I wrote about the CAPT Crozier/SECNAV Modly affair last week, and couldn’t have been more wrong. I was disgusted to get information from others that pointed to a lack of a plan and a lack of care by many in the chain of command for the well being of the Sailors aboard THEODORE ROOSEVELT. What should have been a good news story of the Navy tackling the COVID-19 virus turned into a complete shit show, resulting in Acting SECNAV Modly resigning, a lot of hurt feelings on all sides, and a huge loss in confidence in senior Navy leadership. The only good thing we got out of it was no more “Vector” emails. Despite tons of good news stories for the Navy right now, especially the USNS COMFORT and USNS MERCY, the Navy headlines will be more bad than good.

So yes, I got it wrong. I was fooled by a good media performance early on, then watched everything descend into chaos. I do hope, if CAPT Crozier is found innocent, they put him back in charge.

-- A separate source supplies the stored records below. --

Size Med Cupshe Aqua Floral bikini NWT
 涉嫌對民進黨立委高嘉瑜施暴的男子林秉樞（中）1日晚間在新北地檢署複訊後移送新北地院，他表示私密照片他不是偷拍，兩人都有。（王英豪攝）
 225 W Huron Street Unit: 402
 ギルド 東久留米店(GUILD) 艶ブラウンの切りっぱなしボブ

Going forward, our Navy is in trouble in terms of leadership. To start with the situation, we have a Navy too small for what we ask of it. We’ve killed the Navy’s one saving point, mobility, by demanding presence per a Global Force Management schedule that doesn’t take ship maintenance into account. Yet we pay an astronomical amount of money for the Navy we have, mainly because our shipyards can’t produce a ship on budget or on time. Worse still, while the Army and Air Force had free reign of Overseas Contingency money, and a chance to recapitalize hardware, Navy still has old ships that are increasing in maintenance cost.

We need a strong SECNAV to get the Navy bureaucracy back on track, and yet to Congress, the Navy is somewhere on the bottom tier right now. Nobody cares enough to approve the President’s SECNAV choice, or to suggest someone else. Nobody cares enough to either build more ships or demand we scale back our overseas commitments. So this puts us lacking equipment and leadership.

But soon it’ll be worse, because we’ll be lacking people. When we put the Blended Retirement System in place, it was to make the system more “fair,” which for Congress means “cost less money.” The negative effect is that we’ll need more recruiting more often, because more people will leave earlier. Since it started in 2018, you’ll start seeing drastic changes in 2023 as Sailors that entered in 2018 leave in greater-than-anticipated numbers. For officers, who already have large incentives to leave after their 5 year initial contract, we’ll either have to throw huge bonuses at them to stay or live with gaps, keeping in mind in many cases, we’re already maxing out bonuses in many cases. If you’re an O-3 in 2023, would you stay in a Navy full of old ships, a declining retirement system and leaders that set poor standards, or would you jump ship for a civilian job?

The Navy’s approaching a crisis point. We’ll soon be lacking in equipment, leadership and people. Without some drastic rudder, the Navy will struggle to weather the upcoming storms.

This post represents the views of the author and not those of the Department of Defense, Department of the Navy, or any other government agency.